Surely that's a *when*, not *if*. They have no assets backing the dollar, only US Government debt. They're running a huge trade deficit, which requires dollars be printed to cover the external debts. The dollar gets dilluted. The money supply number increases so your debtors know the dollars they hold are being dilluted. M3 being the key one, since it shows the dollars going abroad to pay external debt.
So lets look at the US M3 money supply number.... oops can't, they stopped releasing that number in 2006 after it spiked. It gave US creditors the willies to think they might be holding bits of overprice toilet paper, so the best Rovian plan was to conceal the bad news.
To me, that's a big warning sign, when the best course of action is to start hiding the numbers, it's akin to not opening the threatening letters from the credit card company.

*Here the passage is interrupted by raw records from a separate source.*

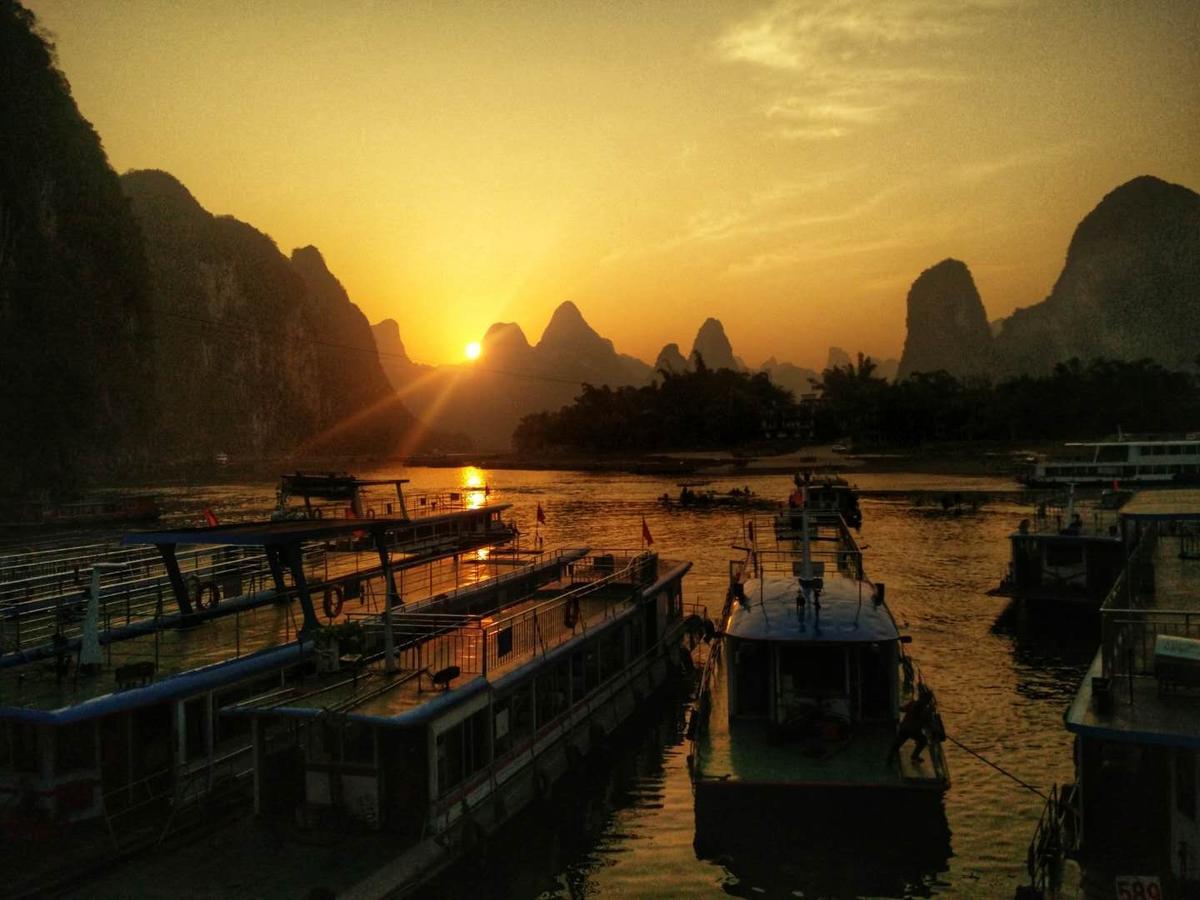 阳朔 兴坪三十度灰青年旅舍旅舍 外观 照片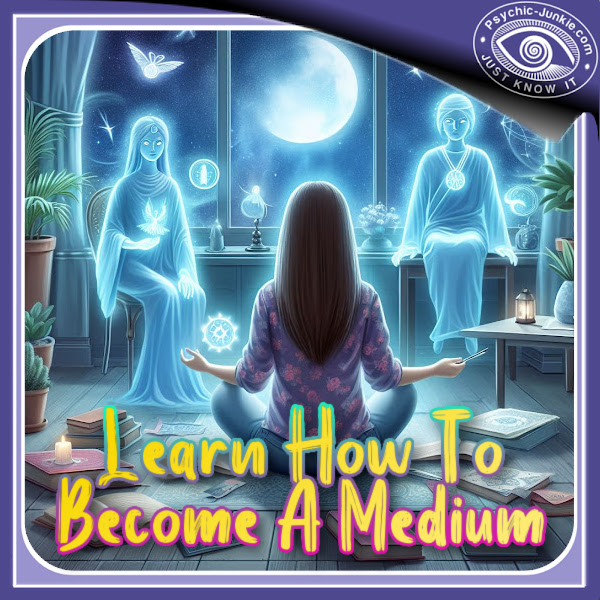How To Become A Medium By Finding Your Soul's Expression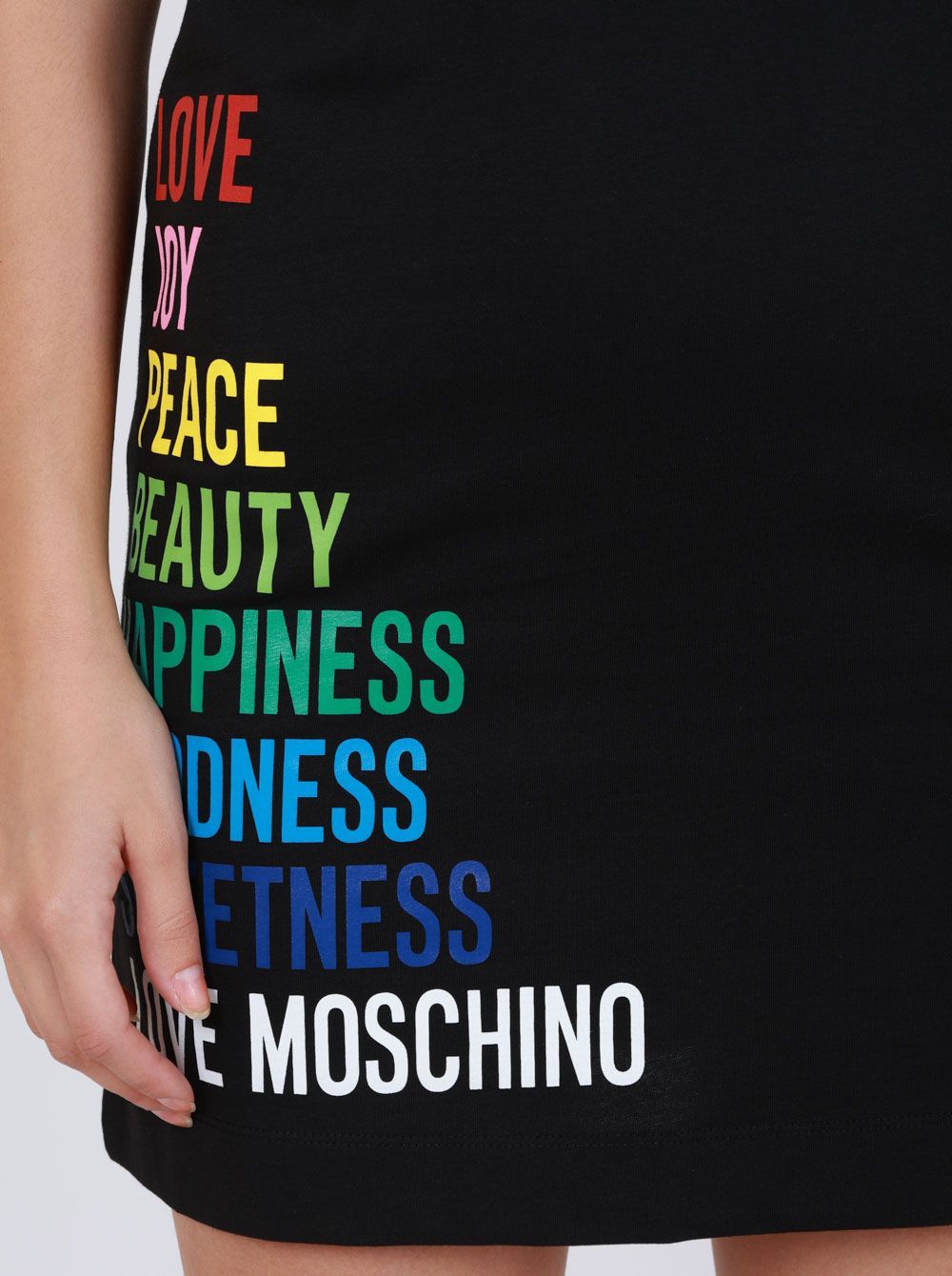 Black Cotton Women Dress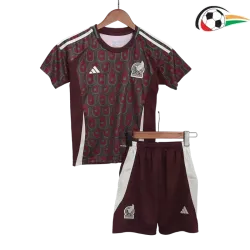 México Camisa Qualidade Premium Primeiro Kit 2024 (Camisola + Calções)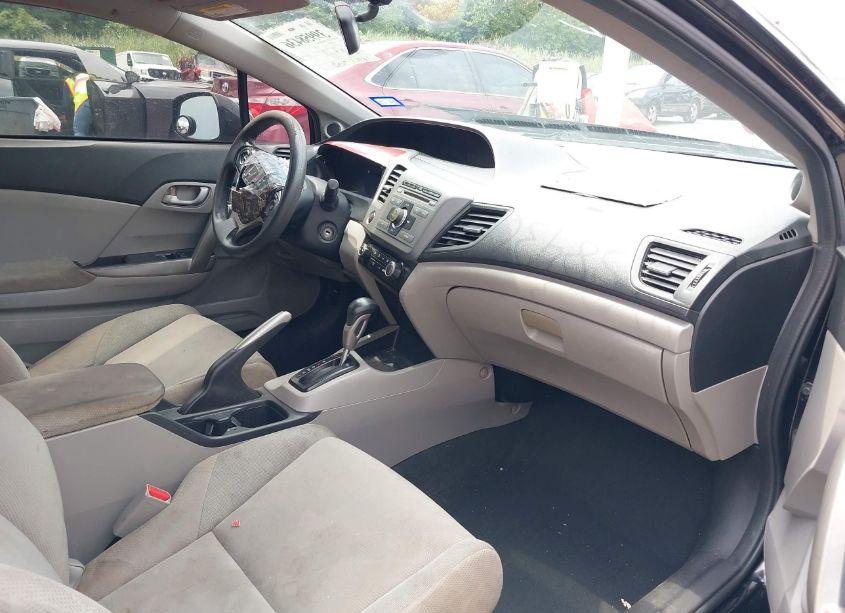 Photo 5 of 2012 Honda Civic LX (VIN 2HGFG3B50CH507627)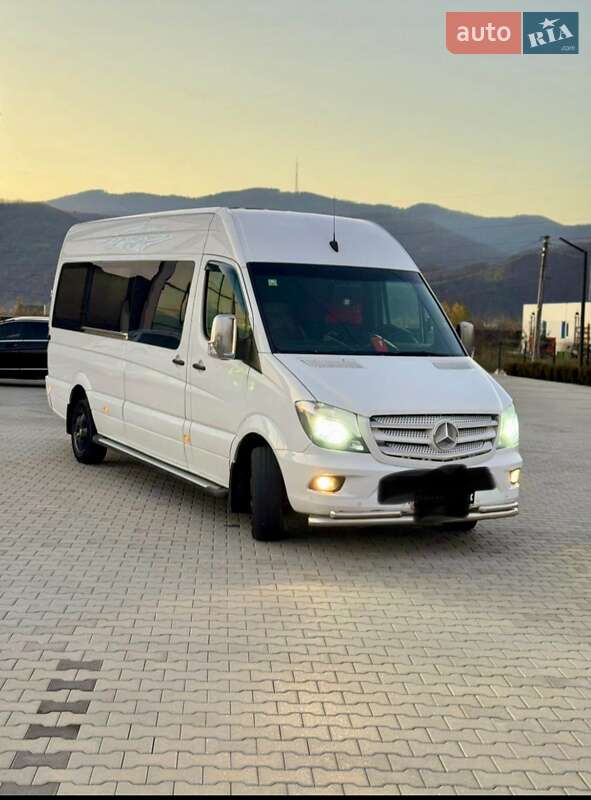 Микроавтобус Mercedes-Benz Sprinter 2016 в Хусте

I see Bush & co's strategy of capturing oil assets and putting them under US oil companies control. But the cost in US$ alone is so high it would have been cheaper to just buy the damn oil.
There's no way USA can afford the short term cash to invade Iran (or even Venezuela) offset against a long term gain of having that as a dollar asset. Yet from the desperate rhetoric coming from the Whitehouse, it looks like that's the only strategy they have to fix this.
If they did invade, they'd have to print dollars like crazy (crash).
If they don't invade, they have to cut expenditure to balance the books (crash).
*When*, not *if*.
Pretty amazing to see how one President can turn a whole country around and drive it into the ground in as little as 8 years. Bush really is the worst President ever.